Figure A1. Cost function in optimization procedure.

Contribution Cost _i of feature i to the overall cost function (FCost).

We set weight _i = 2 for MDP, CL and CL prolongation induced by Cs⁺, whereas weight _i was set to 1 for all other features.

Search method and stop criterion

The initial values of the selected parameters were obtained from the parent (rabbit) model and then manually tuned to achieve beating rate and action potential morphology close to the experimental human data. Such initial values were then employed to perform the above‐mentioned finer automatic optimization.

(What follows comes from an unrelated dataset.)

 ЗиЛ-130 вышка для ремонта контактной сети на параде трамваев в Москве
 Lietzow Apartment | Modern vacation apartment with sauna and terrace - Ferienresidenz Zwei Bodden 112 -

The minimization of the overall cost function FCost was based on the Nelder–Mead simplex method (Lagarias et al. 1998). The automatic optimization procedure stopped when FCost converged on a local minimum.

Parameter constraining

To determine whether the parameters are well constrained we followed the approach by Sarkar and Sobie (2010). Accordingly, the extended Bayes theorem was exploited to define a range for parameters, for which a population of models is able to reproduce behaviour in agreement with experimental data. The parameter constraining is performed by increasing the number of features to satisfy: the higher the number of selected features, the lower the number of compatible parameter sets. In a similar way, we selected MDP, CL, APD₉₀ and DDR₁₀₀ from the available 13 extracted features, within the target range (i.e. mean ± SEM of experimental values) and obtained the ranges in Table A1.

Table A1.

Nominal values and ranges for the optimized parameters

Parameters	Units	Nominal	Range (minimum – maximum)
g Kur	μS	1.539 × 10−4	0.9895–1.633 × 10−4
P CaT	nA mm −1	0.04132	0.04132–0.05191
P CaL	nA mm −1	0.4578	0.3475–0.5262
V dL	mV	−16.45	−20.97 to −13.73
k dL	mV	4.337	3.892–4.401
I NaK,max	nA	0.08105	0.0623–0.1063
K NaCa	nA	3.343	2.733–4.964
K up	nm	286.1	204.6–356.2
k s	s−1	1.480 × 108	1.460–1.847 × 108
τdifCa	s	5.469 × 10−5	5.469–7.951 × 10−5
kf CM	mm s−1	1.642 × 106	1.164–1.839 × 106
kf CQ	mm s−1	175.4	155.2–194.6

The collected values show an adequately constrained range for the optimized parameters. To achieve this result, we exploited a priori knowledge during the optimization procedure; accordingly, we avoided non‐physiological values (negative conductances or values too far from data reported in literature), assigning high scores to their cost function.

The achievement of more than one parameter set that falls into experimental ranges could attest the robustness of the model, which is able to adequately compensate for parameter changes without adopting parameter values beyond the physiological range.